Lithium-rich anti-perovskites (LiRAPs) are a promising family of solid electrolytes, which exhibit ionic conductivities above 10−3 S cm−1 at room temperature, among the highest reportedvalues to date. We investigate the defect chemistry and the associated lithium transport in Li3OCl, a prototypical LiRAP, using DFT calculations and classical MD simulations. We studied three types of charge neutral defect pairs, namely the LiCl Schottky pair, the Li2O Schottky pair, and the Li interstitial with a substitutional defect of O on the Cl site. Among them the LiCl Schottky pair has the lowest binding energy and is the most energetically favorable for diffusion as computed by DFT. This is confirmed by classical MD simulations, where the computed Li ion diffusion coefficients for LiCl Schottky systems are significantly higher than those for the other two defects considered and the activation energy in LiCl deficient Li3OCl is comparable to experimental values. The high conductivities and low activation energies of LiCl Schottky systems are explained by the low energy pathways of Li between the Cl vacancies. We propose that Li vacancy hopping is the main diffusion mechanism in highly conductive Li3OCl.

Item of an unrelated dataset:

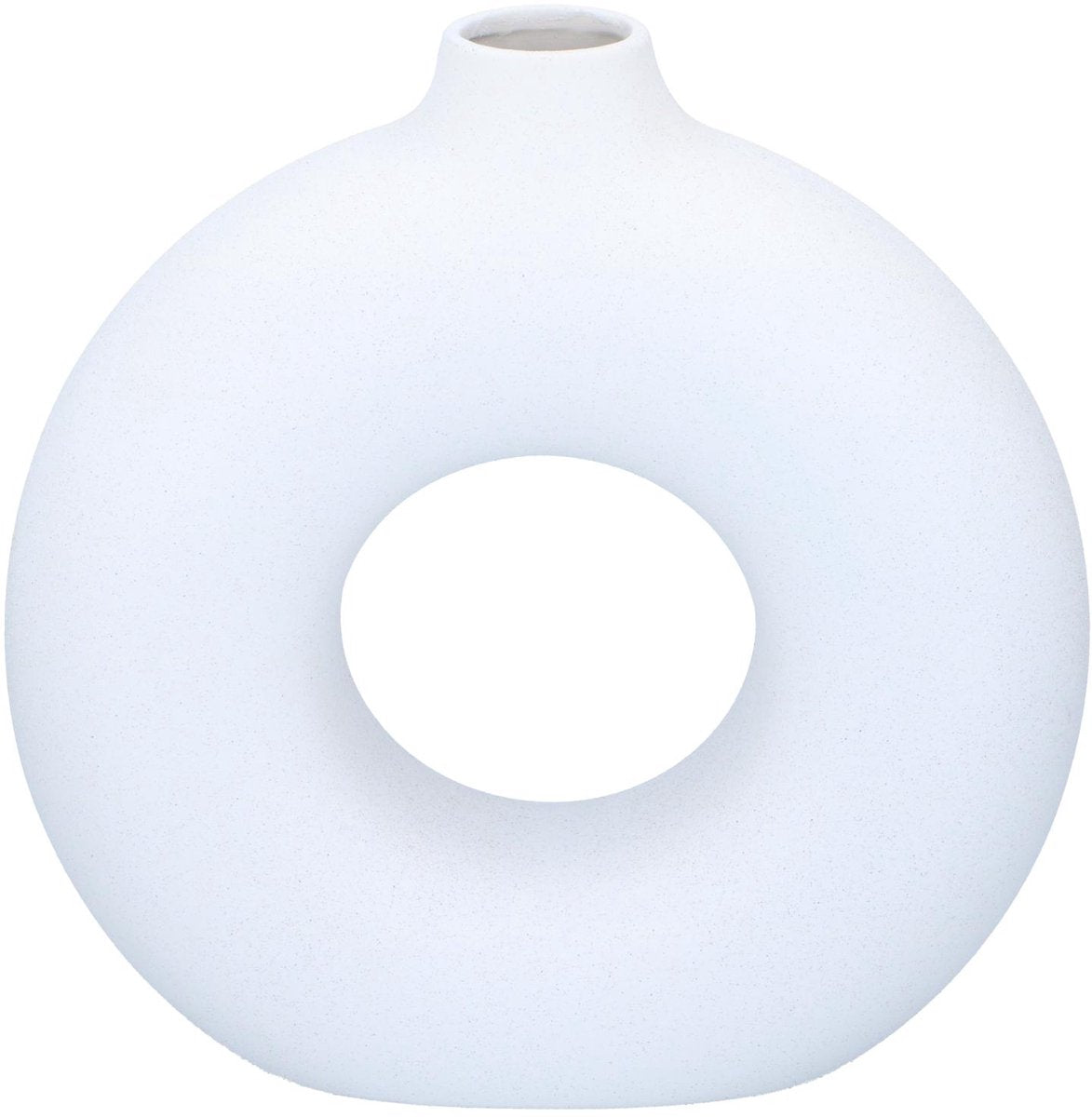 Arti casa dekorative Vase rund mit offener Mitte – weiße Vase für die Innendekoration – moderne Vase für Blumen oder Accessoires – 31 x 10,5 x 31 cm – weiß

Topic 4: Computational accelerated design of materials and interfaces for all-solid-state li-ion batteries
Speaker: Yifei Mo
Time: 15:40-16:25
All-solid-state Li-ion battery based on solid electrolytes is a promising next-generation battery technology with high energy density, intrinsic safety, long-life cyclability, and high-rate charging/discharging. However, multiple challenges, such as low ionic conductivity of solid electrolytes and poor interfacial compatibility at the solid electrolyte-electrode interfaces, are impeding the development of this novel technology. To resolve these materials challenges, we will design new materials and interfaces through an accelerated approach guided by computation, in contrast to a conventional trial-and-error approach. We will leverage an array of computation techniques to provide unique materials insights into the fundamental materials limitations and to establish general design principles of materials for overcoming such challenges. In the first part of the presentation, we will use first-principles atomistic modeling to reveal the origin of ultra-fast diffusion in lithium super-ionic conductors, which uniquely exhibit several orders of magnitude higher ionic conductivity than most solids. Materials design principles for fast ion conductors will be established based on the newly gained understanding, and such design principles will be demonstrated in our computation-guided discovery and design of new super-ionic conductors. In addition, we will present our first-principles database approach in investigating the compatibility of heterogeneous interfaces between electrolyte and electrodes, which are difficult to access in experiments. Key limiting factors at the solid electrolyte-electrode interfaces will be identified, and corresponding interfacial design using new materials will be proposed from computation guidance to address these interfacial limitations. The demonstrated computation capabilities represent a transferable model in designing new materials and interfaces for emerging technologies.